PARIS — When Serena Williams and Novak Djokovic step onto the court to start their French Open campaigns, they not only face their opponents across the net, but they go up against history as well.

The respective world No. 1s are again the talk of the sport in their quest to further etch their name into this game’s record books.

For Serena, it is the continued chase for a 22nd Grand Slam, her third attempt to equal Steffi Graf’s Open era record. And for Djokovic, he’s playing a fifth French Open in which he has the chance to complete the career Grand Slam – winning all four majors at least once.

“The record books always affect you,” said 18-time major winner Martina Navratilova in a phone interview. “You create that with your own success; it’s cumulative.”

Both Williams and Djokovic are favored this year, coming in as the top seeds and winners of clay court titles in the lead-up. But as experienced as they are, it's never easy for a player to do something for the first time.

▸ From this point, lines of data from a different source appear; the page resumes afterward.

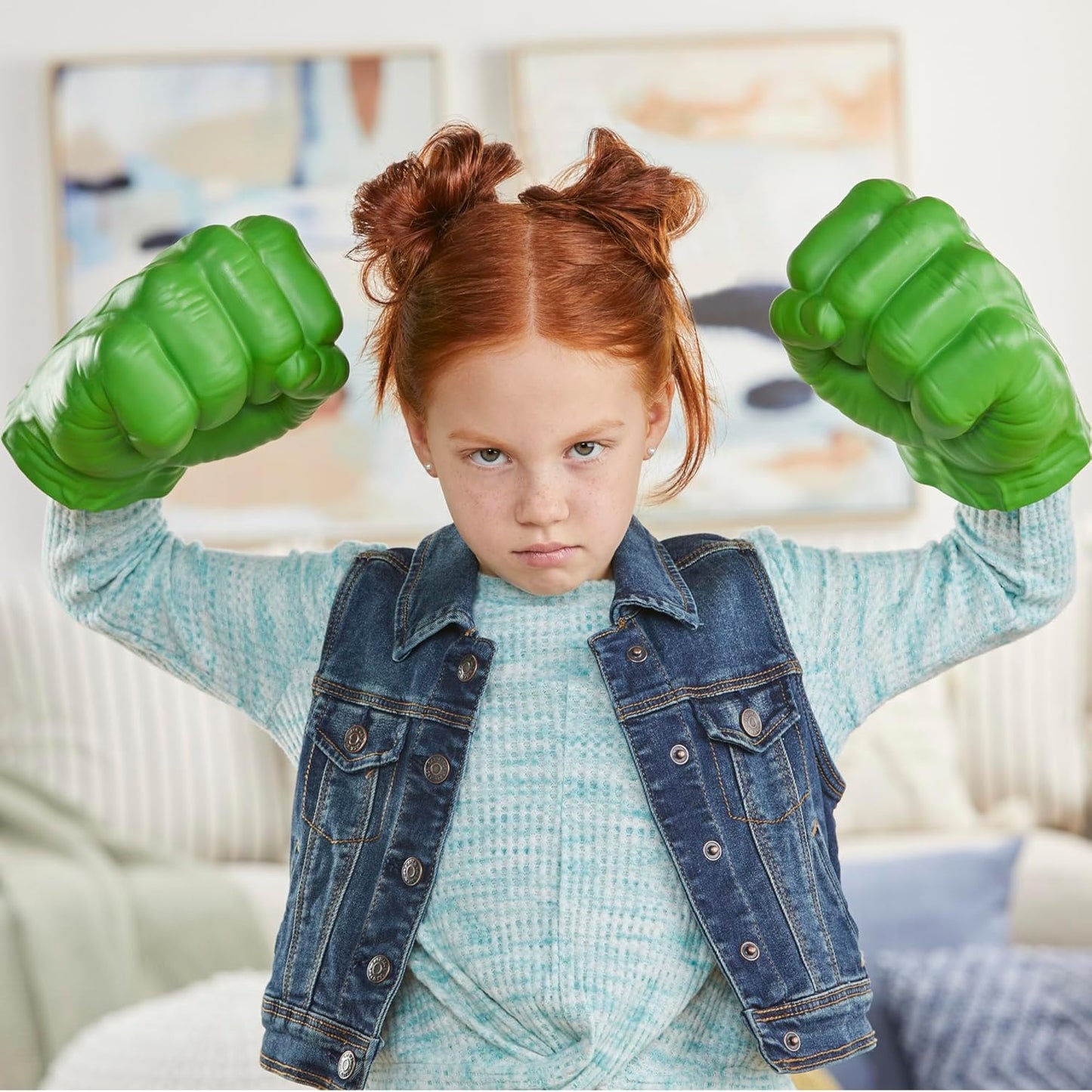 Red-haired girl in denim vest flexing huge green Hulk fists with a determined look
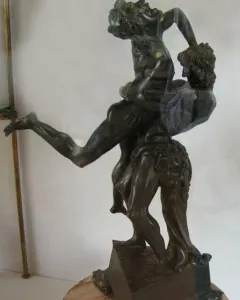 Hercules and Antaeus bronze sculpture showing two muscular figures in a struggle on a marble pedestal.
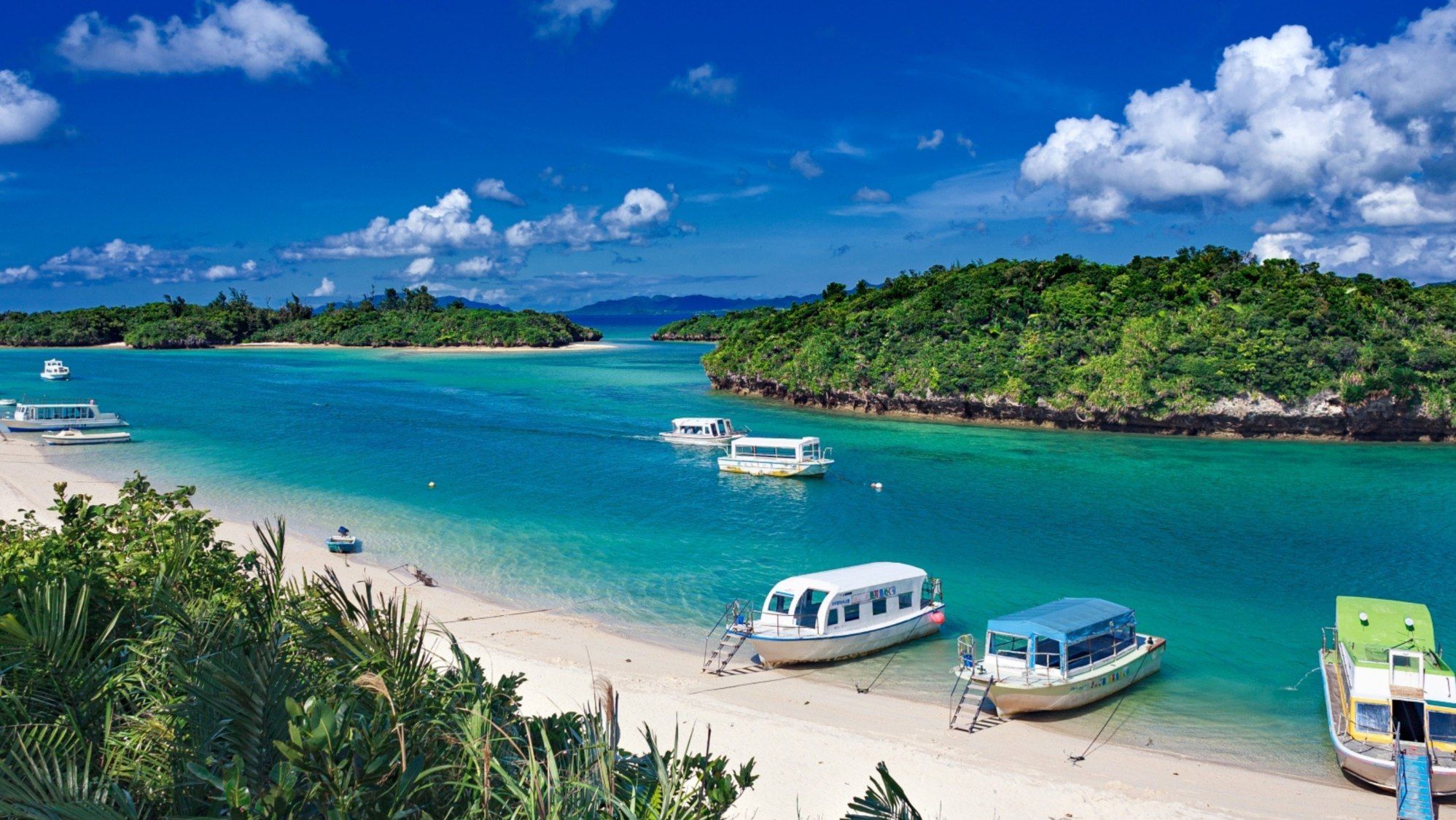 A beach with several boats docked, clear turquoise water, and lush greenery.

“[I will] try to get my hands on this title this year,” Djokovic said, having reached the final here three out of the last four years. “But if it doesn't happen, you know, there is always another year, because I don't have any intention of slowing down yet.”

The slowing down has happened for Williams, who suffered a shock loss in the U.S. Open semifinals to Roberta Vinci in September, two match wins from the calendar Grand Slam. In January, the 34-year-old was was denied in the Australian Open final by Angelique Kerber.

She has played just four tournaments this year, but it’s a pace she seems to prefer. Last week she won her 70th career title in Rome.

Williams arrives in Paris and chases No. 22 for a third consecutive major. It took her four attempts to reach No. 18 – the famous number that Navratilova and Chris Evert landed at – back at the U.S. Open in 2014.

The talk of a 22nd major is something she’s had to mute, Williams told reporters in January at the Australian Open.

“I definitely block it out,” Williams said. “I was one off last year, too. If I don't win [in the final] I'll still be one off. It took me forever to get to 18. I was so stressed out. I don't want to relive that at all.”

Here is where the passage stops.